[SOURCE MATERIAL]

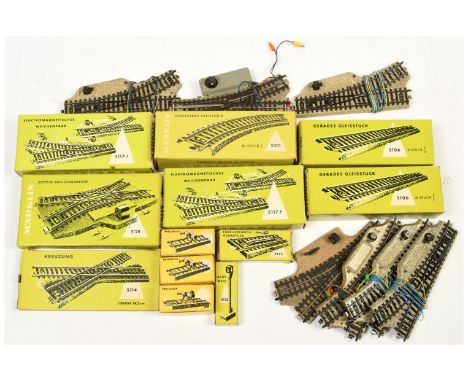 Marklin 3-rail HO Boxed and unboxed Points and track - to include 2x 5117 pair, partial and full box of 5106 sectional track.
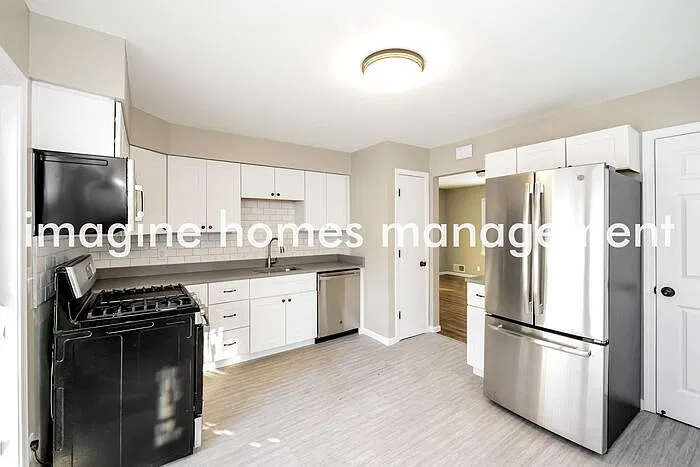 679 Eldridge Ave W — Photo 5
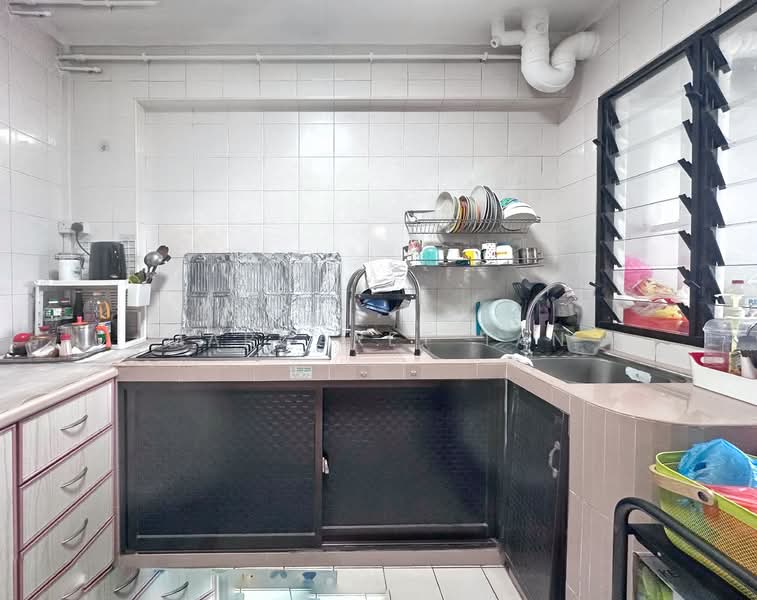 109 Whampoa Road HDB Flat For Sale at S$ 880,000 | PropertyGuru Singapore - Kitchen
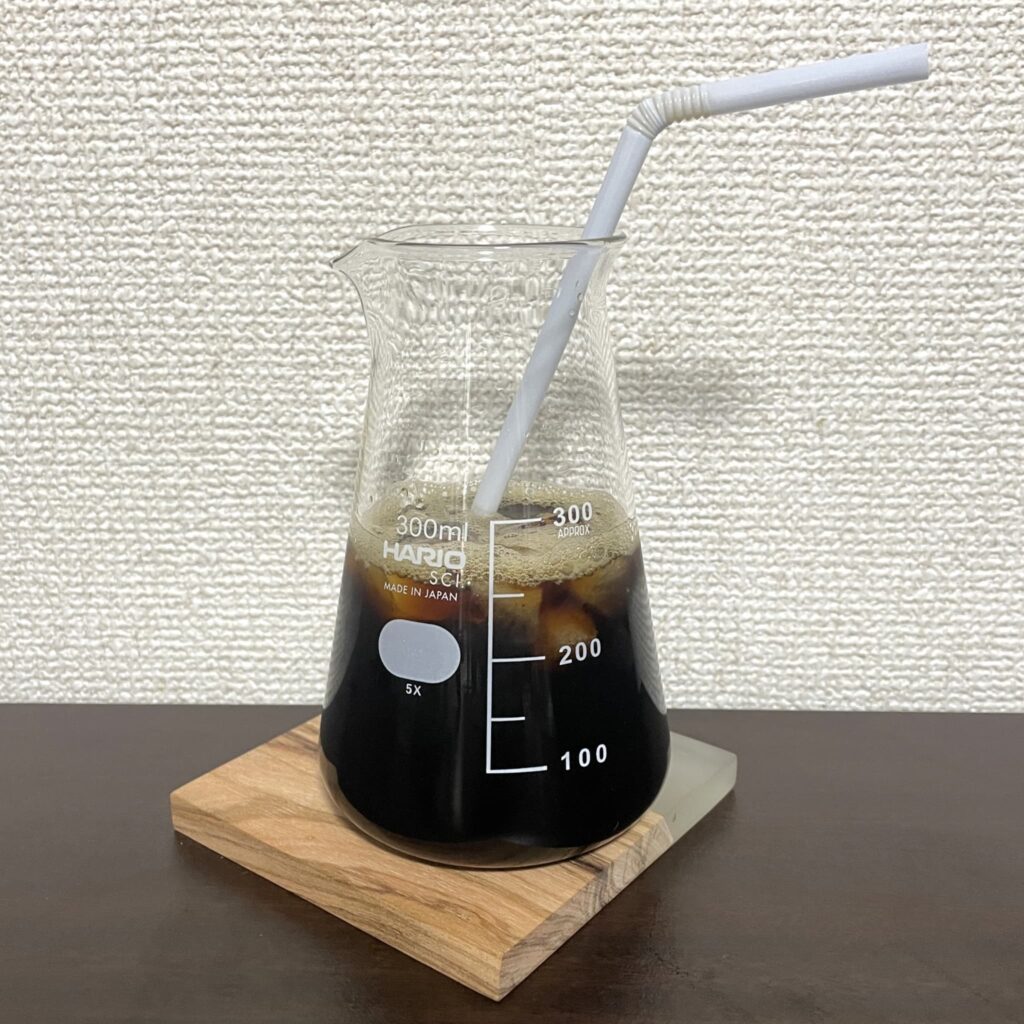 ハリオのコニカルビーカーをグラスのようにアイスコーヒーを楽しむ様子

[/SOURCE MATERIAL]

- _WHAT IS REQUIRED_: A faithful copy of all the data above is required, printed exactly and with no pictures.

- _ANSWER TO THIS EXERCISE_:
 Marklin 3-rail HO Boxed and unboxed Points and track - to include 2x 5117 pair, partial and full box of 5106 sectional track.
 679 Eldridge Ave W — Photo 5
 109 Whampoa Road HDB Flat For Sale at S$ 880,000 | PropertyGuru Singapore - Kitchen
 ハリオのコニカルビーカーをグラスのようにアイスコーヒーを楽しむ様子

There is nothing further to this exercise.